Task requirements
Report each line from the records where the string "want" turns up.

Records shown
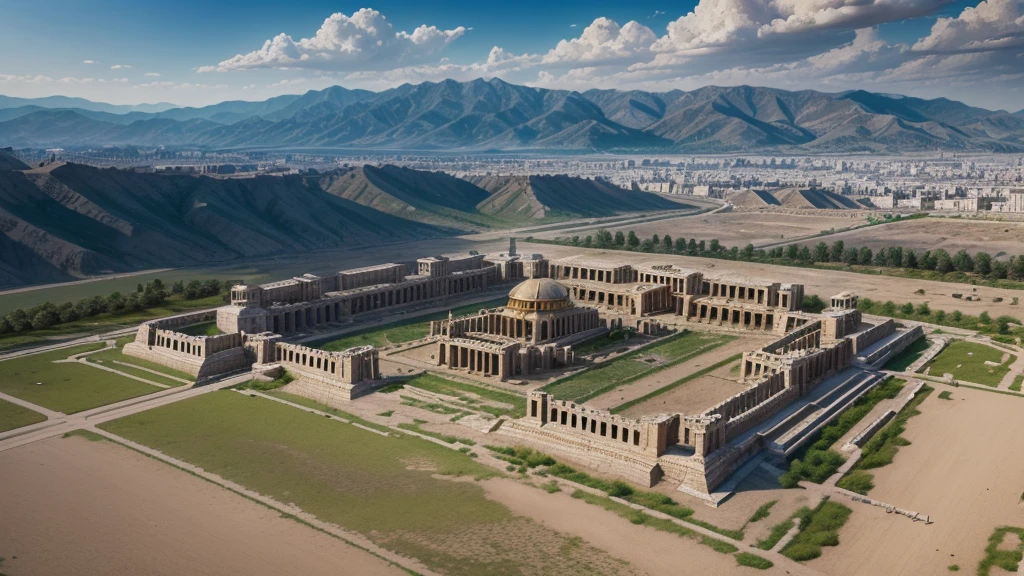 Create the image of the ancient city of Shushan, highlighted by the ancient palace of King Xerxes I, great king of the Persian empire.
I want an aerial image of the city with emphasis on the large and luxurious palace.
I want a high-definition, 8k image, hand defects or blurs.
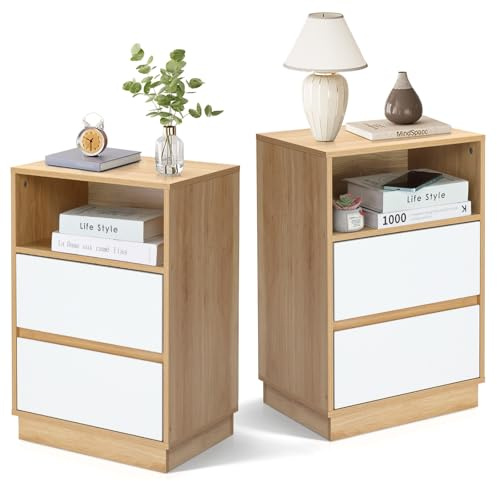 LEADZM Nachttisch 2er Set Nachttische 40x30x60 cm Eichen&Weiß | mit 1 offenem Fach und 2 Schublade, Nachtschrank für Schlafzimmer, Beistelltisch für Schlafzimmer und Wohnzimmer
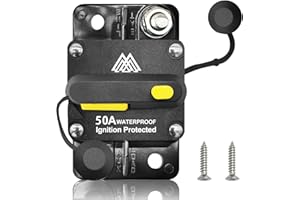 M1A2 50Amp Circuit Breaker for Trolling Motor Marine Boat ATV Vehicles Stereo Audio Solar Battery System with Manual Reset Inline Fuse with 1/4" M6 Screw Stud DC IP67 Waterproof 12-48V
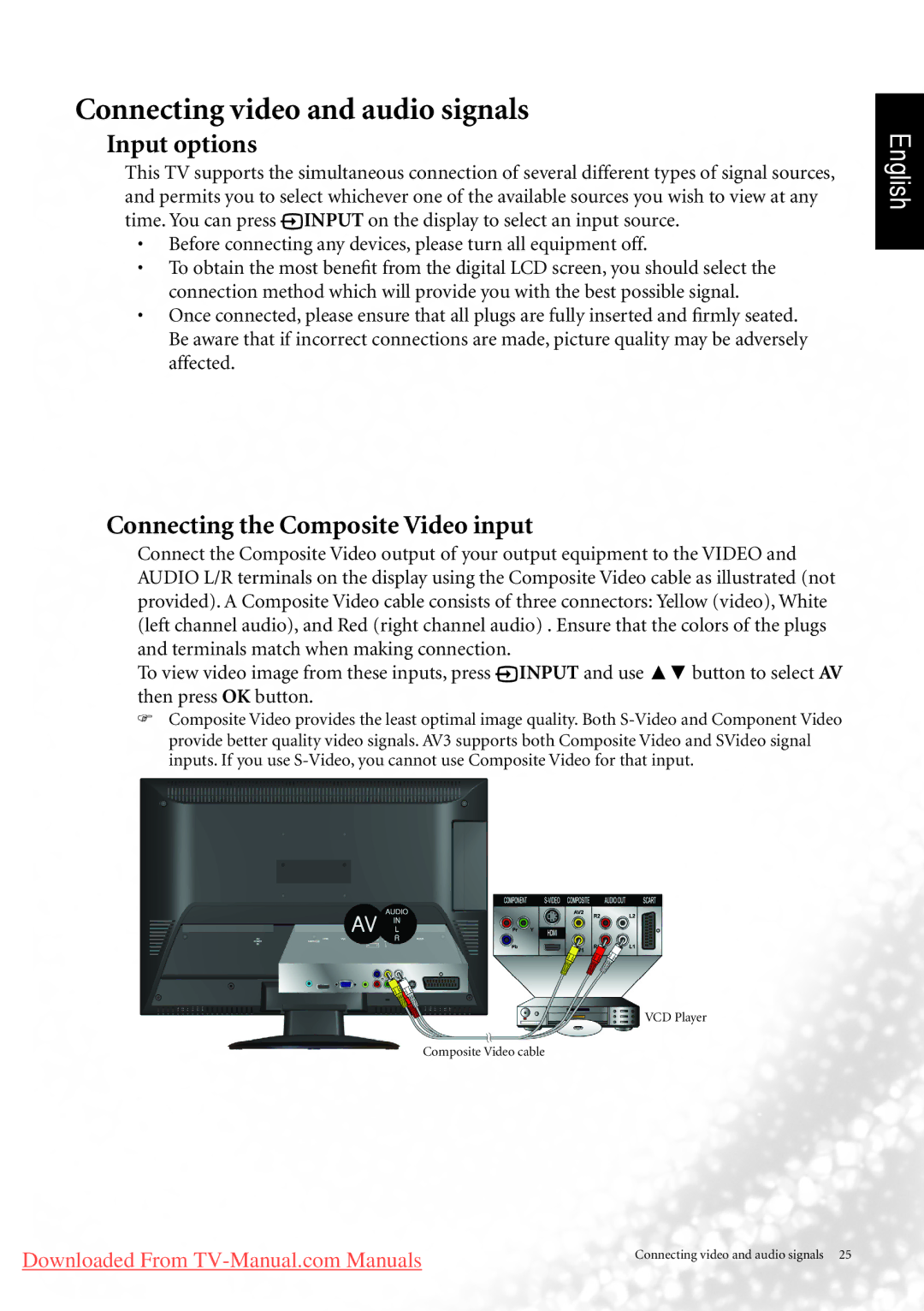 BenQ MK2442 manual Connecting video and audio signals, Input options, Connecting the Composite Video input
--
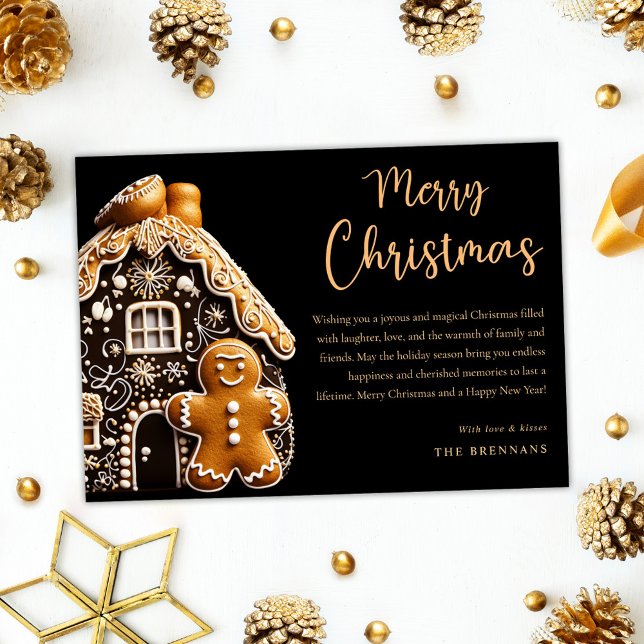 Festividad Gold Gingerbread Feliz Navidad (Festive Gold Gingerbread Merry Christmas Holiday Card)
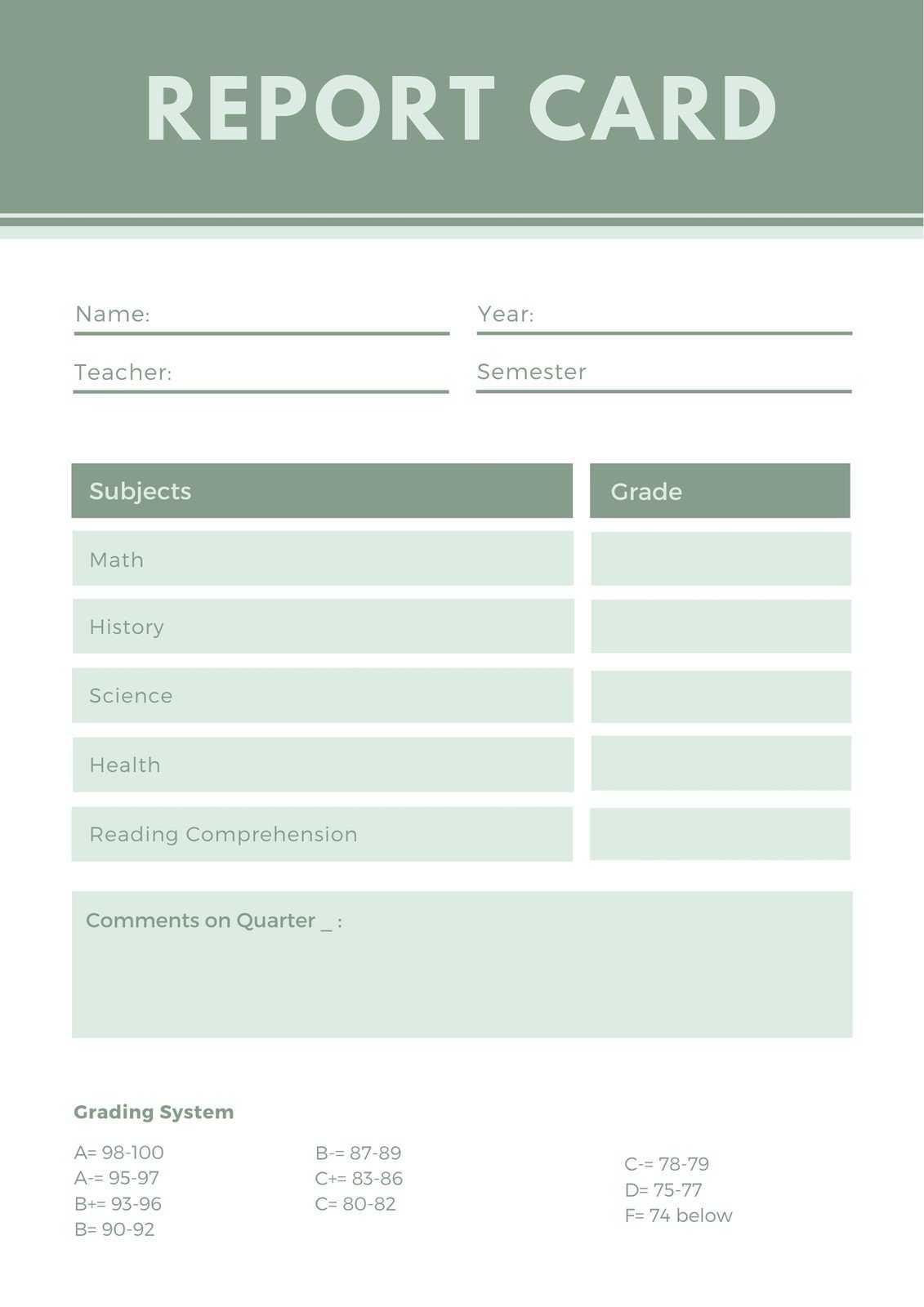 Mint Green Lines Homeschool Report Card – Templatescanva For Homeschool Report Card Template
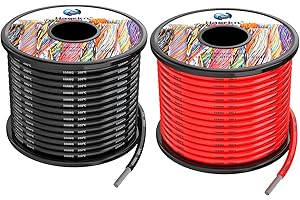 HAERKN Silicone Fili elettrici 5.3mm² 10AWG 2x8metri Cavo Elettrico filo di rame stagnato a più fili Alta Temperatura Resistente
...
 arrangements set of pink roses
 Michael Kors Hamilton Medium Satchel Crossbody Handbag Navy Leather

Completed exercise
I want an aerial image of the city with emphasis on the large and luxurious palace.
I want a high-definition, 8k image, hand defects or blurs.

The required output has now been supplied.